Qu'il y ait une dimension
nationale c'est évident. Mais je reste persuadé que la Région n'a pas su
mettre en place les outils qui permettraient de limiter la casse.
Vous
vilipendez ce qu'Alain Le Vern appelle sa bonne gestion. Pourquoi bien
gérer serait un handicap majeur ?
Une collectivité locale
c'est fait pour investir et développer des projets porteurs. Un
président de Région n'est pas là pour faire de la petite épargne. Dans
ce cas, pourquoi ne baisse-t-il pas les impôts ? Pour avancer, il ne
faut pas avoir peur d'investir.
Qu'avez vous envie de
dire aux électeurs ?
Je veux dire aux électeurs de la
majorité, que la France a vécu 25 ans de déclin, 25 ans d'immobilisme,
et que les réformes que ce gouvernement a lancées porteront leurs
fruits, mais il faut seulement un peu de patience…
Que
répondez-vous au slogan de vos adversaires : nous ne laisserons pas
Sarkozy détruire la région comme il détruit la France ?
Si Monsieur Le Vern était un leader, si c'était lui qui portait le
souffle de cette région ça se saurait. Est-ce rassurant qu'après 12 ans
de mandat il continue à n'être connu que par un habitant sur quatre ? »
Que feriez-vous en priorité si vous étiez aujourd'hui à la
présidence de la Région ?
Je ferais en sorte que la Région
porte une structure d'observation, d'anticipation et de réponses aux
risques industriels. Si j'étais président de Région je mettrais en place
cette petite structure de missions, qui aurait pour objectif
d'anticiper les situations difficiles des entreprises, de regarder par
tous les moyens possibles comment on peut sortir ces entreprises de
leurs difficultés. Si par malheur ce n'était pas possible d'éviter la
fermeture il faudrait que la Région participe massivement à la
reconversion du site. Voilà un exemple… Mais aujourd'hui à la Région ils
n'ont pas d'idée, c'en est navrant…
Le Grand Paris
voulu par le président de la République ? Gadget ou espoir ?
Le problème du grand Paris c'est qu'il renvoie à la question suivante :
la région est-elle assez puissante, assez influente, pour se développer
à la hauteur de ses potentiels ? En réalité, ce n'est pas le Grand
Paris qui est un problème, mais la petite Haute-Normandie !
Bayrou
était à Rouen il y a quelques
jours. Bayrou et vous c'est vraiment fini, fini ?
Oui… Je
n'ai pas pour vocation de passer des accords avec le PS au second tour !

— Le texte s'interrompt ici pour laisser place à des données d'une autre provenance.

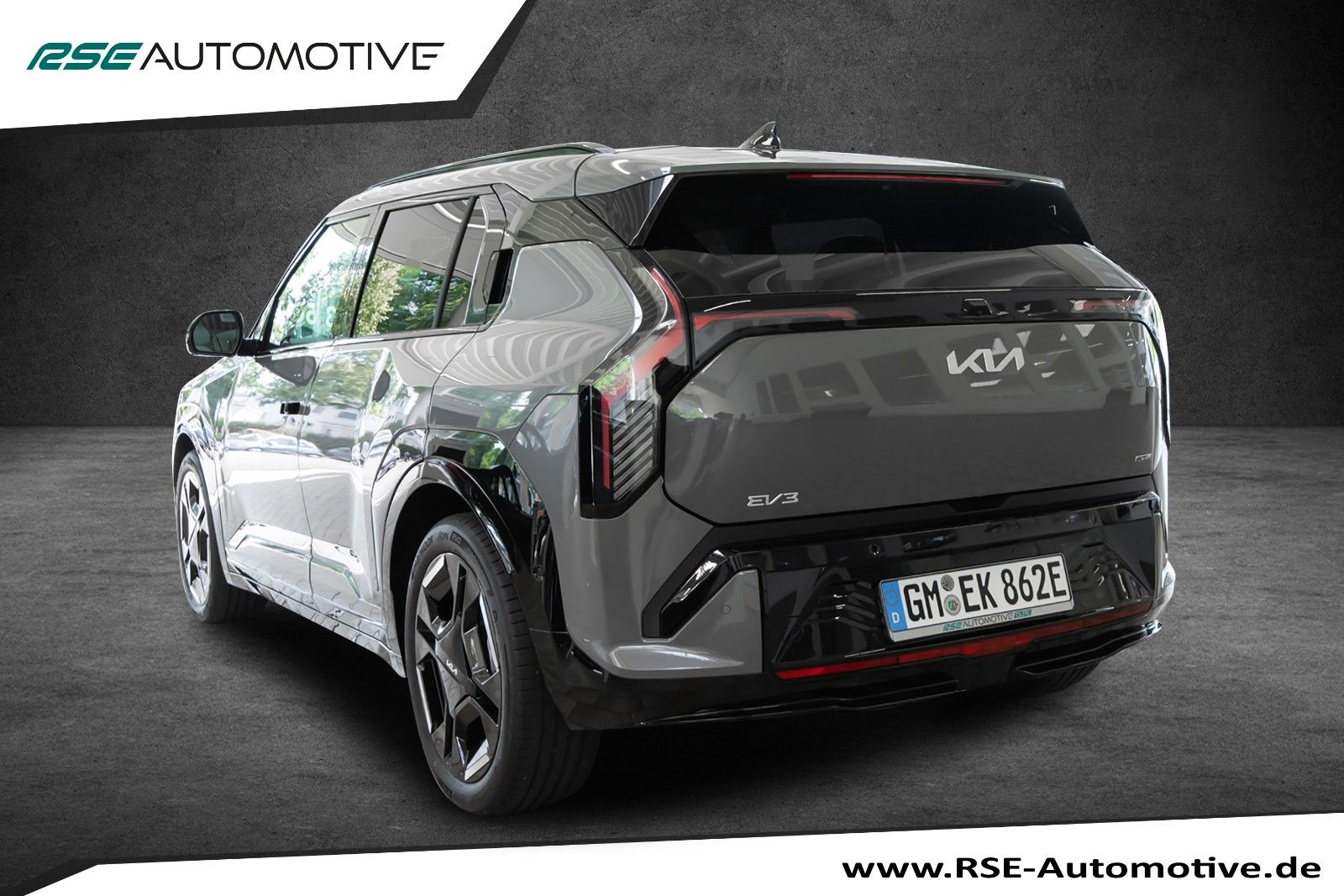 Kia EV3 EV3 150 kW GT-Line - Thumbnail 8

L'attitude du Modem est triste. Il n'est même pas crédité de 5 %…
Passées
les régionales, il sera vite question de la présidentielle de 2012.
Vous souhaitez que votre parti y présente un candidat. Donc vous ?
Ce que je veux c'est reconstruire l'UDF, ce courant de pensée de la
droite modérée qui a toujours été représenté dans le pays, et qui, pour
cette raison, doit être présent à l'élection présidentielle.
Dans
ce cas, vous défendrez des idées autres que celle de Nicolas Sarkozy ?
Le Nouveau Centre, c'est le centre et le centre-droit. Il défend dans
la vie politique française un idéal européen, un humanisme moderne et
une société progressiste. Il y a toujours eu un candidat incarnant cette
sensibilité à l'élection présidentielle.
Propos recueillis par
Jean-Pierre Boulais
Hervé Morin et Bruno Le Maire
seront en meeting à Epaignes, dans l'Eure,
le jeudi 4 mars, à 19 h 30 salle des fêtes.